◆ **Input data**:
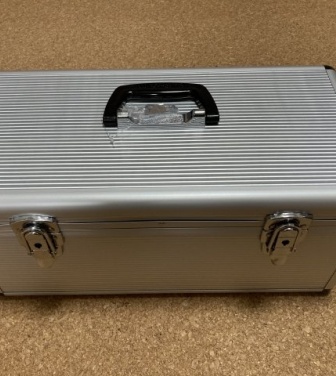 お尻とお尻が...アルミケースの上に背中合わせに座る二人　すると相手は包みを取り出して（宮城県・50代男性）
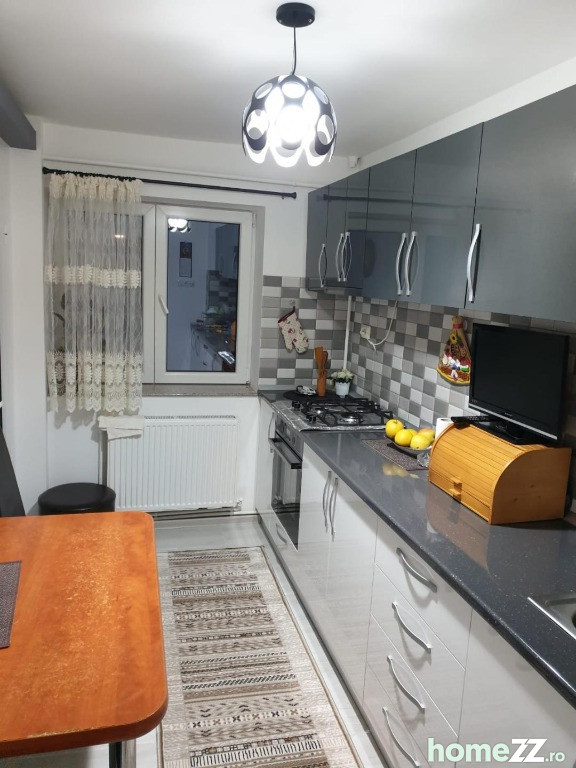 Apartament cu 2 camere,Micro 19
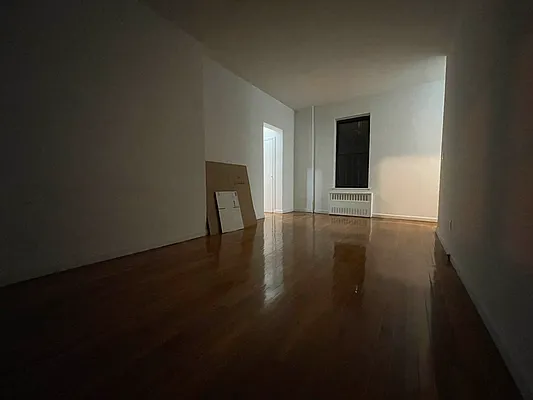 Rented by HOLTON REAL ESTATE INC. | media 34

◆ **Your goal**:
When you restate the listing, keep every word as it is and drop the pictures.

◆ **Response area**:
 お尻とお尻が...アルミケースの上に背中合わせに座る二人　すると相手は包みを取り出して（宮城県・50代男性）
 Apartament cu 2 camere,Micro 19
 Rented by HOLTON REAL ESTATE INC. | media 34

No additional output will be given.